Entrée à reculons dans l’année du bœuf
La nuit du chunjie, du 25 au 26 janvier m’apparut malingre et en retrait, dans l’expression de la joie populaire et l’explosion – la force de frappe de la rue. Par rapport aux années précédentes, beaucoup moins de pétards, et seulement durant une demi heure pour l’essentiel – de minuit à minuit 30 -c’était, me dit on, conformément aux règlements. Sifflantes, éclatantes, pétantes, canonnantes (gross Bertha), chuintantes, tourbillonnantes, étincelantes, tout était là – mais en petit volume, du moins là où j’étais.

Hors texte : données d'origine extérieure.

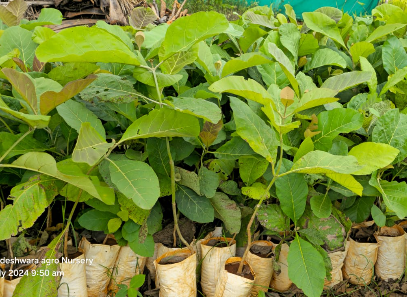 Teak Wood (2.5-3 ft) Plants — Teak sapling available at Agro Nursery Garden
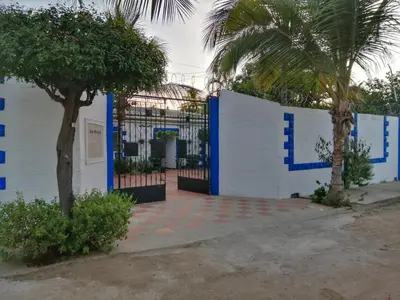 a gate to a building with a palm tree at Monkey man, Beach House in Santa Marta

Apparemment, il y a eu des exceptions, dans les quartiers riches. Un ami me dit que de son balcon, chaque tour du CBD portait sur son toit un feu d’artifices professionnel coordonné, « chacun digne d’une ville de 20.000 habitants en France ». Mais ca, c’était le Parti, et la populace n’avait rien à voir là dedans. Tel autre copain logé en villa à King’s garden (villégiature très bizarre mais exclusive, une des mieux gardée de la ville), me raconte que ses voisins, tous généraux et tous millionnaires (comme quoi l’armée mène à tout à condition d’y rester), avaient fait rentrer un camion entier de pétards aux bouches a feu grosses comme le bras, et s’amusaient comme des gosses à des concours de qui l’aurait plus longue. Quel pied c’a été, surtout quand un de ces engins hauts comme un grand chien, se renversa et commença à tirer dans les pattes, les ventres des gens, ou la la, tout le monde ventre à terre – mais les bonnes femmes en peignoirs, inconscientes pour leurs mômes ahuris, ne se plaignaient pas, sauf d’être dérangées dans leur pionce !
Mais généralement, en matière de pétards, d’extermination préventive des démons et de transgression charivarique, on était en retrait, par rapport à cette année 2005 (où le pétard venait d’être de nouveau autorisé dans la capitale) et les suivantes, qui avaient connu de véritables débauches de feu, de papier écarlate explosé, de lumière dans la nuit, de décibels et d’odeurs de soufre.
Une certaine année au tournant du siècle, la frustration avait été si forte, et l’interdit de pétarader si insupportable que l’Etat avait encouragé la vente de CD de bruits de pétards, compensation dérisoire. Un peu comme ces vieillards, souffrant d’impuissance, et qui dans leur home, s’entourent avant dodo l’engin de papier à rouler, pour se montrer triomphalement au petit matin l’anneau brisé, preuve supposée de leur jouvence regagnée…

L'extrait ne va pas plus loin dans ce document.